And really this is just a variation on the question "how do I get the curve through these X points?", so let's look at that. Specifically, let's look at the answer: "curve fitting". This is in fact a rather rich field in geometry, applying to anything from data modelling to path abstraction to "drawing", so there's a fair number of ways to do curve fitting, but we'll look at one of the most common approaches: something called a [least squares](https://en.wikipedia.org/wiki/Least_squares) [polynomial regression](https://en.wikipedia.org/wiki/Polynomial_regression). In this approach, we look at the number of points we have in our data set, roughly determine what would be an appropriate order for a curve that would fit these points, and then tackle the question "given that we want an `nth` order curve, what are the coordinates we can find such that our curve is "off" by the least amount?".
Now, there are many ways to determine how "off" points are from the curve, which is where that "least squares" term comes in. The most common tool in the toolbox is to minimise the _squared distance_ between each point we have, and the corrsponding point on the curve we end up "inventing". A curve with a snug fit will have zero distance between those two, and a bad fit will have non-zero distances between every such pairs. It's a workable metric. You might wonder why we'd need to square, rather than just ensure that distance is a positive value (so that the total error is easy to compute by just summing distances) and the answer really is "because it tends to be a little better". There's lots of literature on the web if you want to deep dive the specific merits of least squared error metrics version least absolute error metrics, but those are <em>well</em> beyond the scope of this material.

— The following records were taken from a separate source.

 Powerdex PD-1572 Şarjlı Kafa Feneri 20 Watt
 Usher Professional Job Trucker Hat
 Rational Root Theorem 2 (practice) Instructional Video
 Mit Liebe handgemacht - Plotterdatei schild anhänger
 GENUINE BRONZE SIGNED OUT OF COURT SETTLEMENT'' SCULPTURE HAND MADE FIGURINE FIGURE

So let's look at what we end up with in terms of curve fitting if we start with idea of performing least squares Bézier fitting. We're going to follow a procedure similar to the one described by Jim Herold over on his ["Least Squares Bézier Fit"](http://jimherold.com/2012/04/20/least-squares-bezier-fit/) article, and end with some nice interactive graphics for doing some curve fitting.
Before we begin, we're going to use the curve in matrix form. In the [section on matrices](#matrix), I mentioned that some things can are easier if we use the matrix representation of a Bézier curve rather than its calculus form, and this is one of those things.

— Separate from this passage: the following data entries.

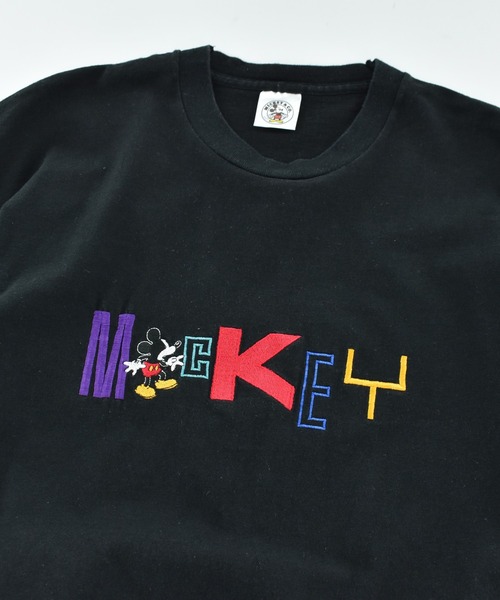DISNEY VINTAGE（ディズニーヴィンテージ）の「【USED】90’s Disney “MICKEY” キャラクター Tシャツ USA製（Tシャツ/カットソー・メンズ・ブラック・ONE SIZE）」の2枚目の写真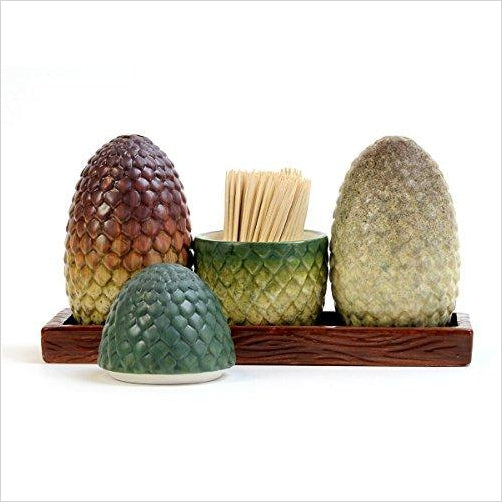 Game of Thrones Dragon EGG Salt & Pepper Shaker - Gifteee Unique & Unusual gifts, Cool gift ideas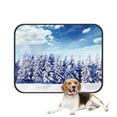 thumbnail image 1 of PKQWTM Beautiful Winter Landscape with Snow Covered Trees Christmas Snowflake Pet Dog Cat Bed Pee Pads Mat Cushion Potty Dogsblankets Crate Bed Kennel 25x30 inch, 1 of 3
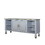 Pearl Grey 2-Door TV Stand with 2-Shelf B062P215424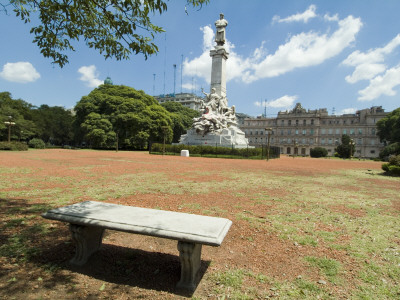 Casa Rosada And Columbus Statue, Buenos Aires, Argentina by Natalie Tepper Pricing Limited Edition Print image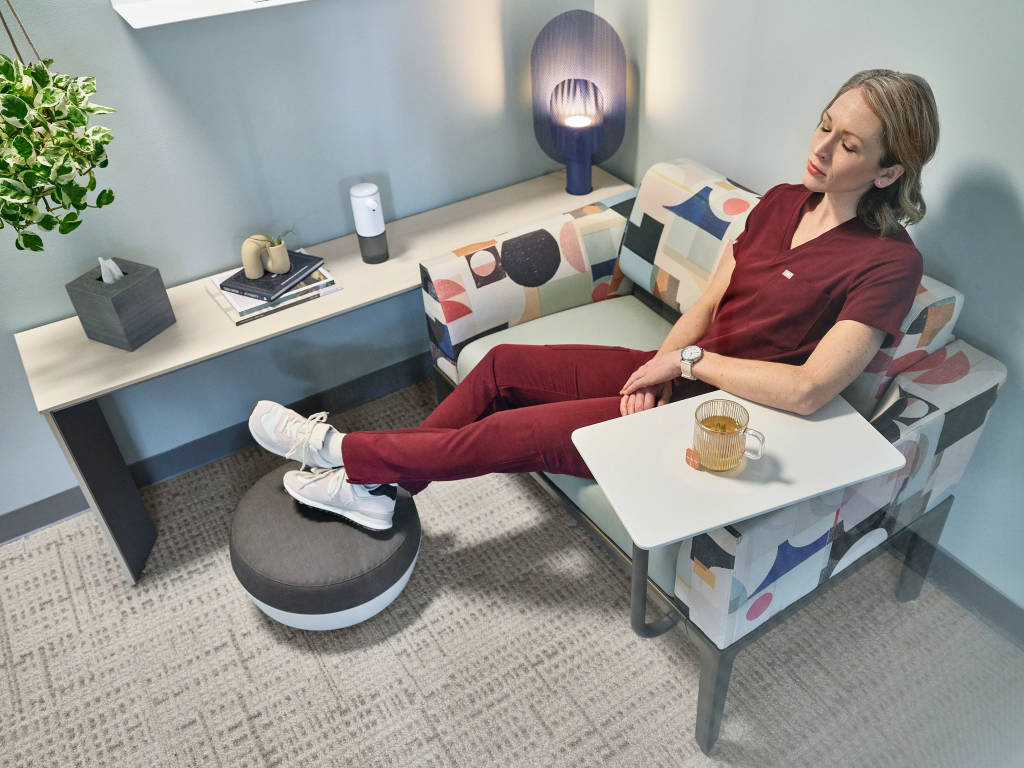 Clinician Respite, Steelcase Health, Surround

As such, the first step in the process is expressing our Bézier curve as powers/coefficients/coordinate matrix **T x M x C**, by expanding the Bézier functions.
<div className="note">
## Revisiting the matrix representation
Rewriting Bézier functions to matrix form is fairly easy, if you first expand the function, and then arrange them into a multiple line form, where each line corresponds to a power of t, and each column is for a specific coefficient. First, we expand the function:
\[
\begin{aligned}
B_{quadratic} & = a (1-t)^2 + 2 b (1-t) t + c t^2 \\
& = a - 2at + at^2 + 2bt - 2bt^2 + ct^2
\end{aligned}
\]
And then we (trivially) rearrange the terms across multiple lines:
\[
\begin{aligned}
B_{quadratic} &=& a & & \\
& & - 2at & + 2bt & \\
& & + at^2 & - 2bt^2 & + ct^2
\end{aligned}
\]
This rearrangement has "factors of t" at each row (the first row is t⁰, i.e. "1", the second row is t¹, i.e. "t", the third row is t²) and "coefficient" at each column (the first column is a terms involving "a", the second all terms involving "b", the third all terms involving "c").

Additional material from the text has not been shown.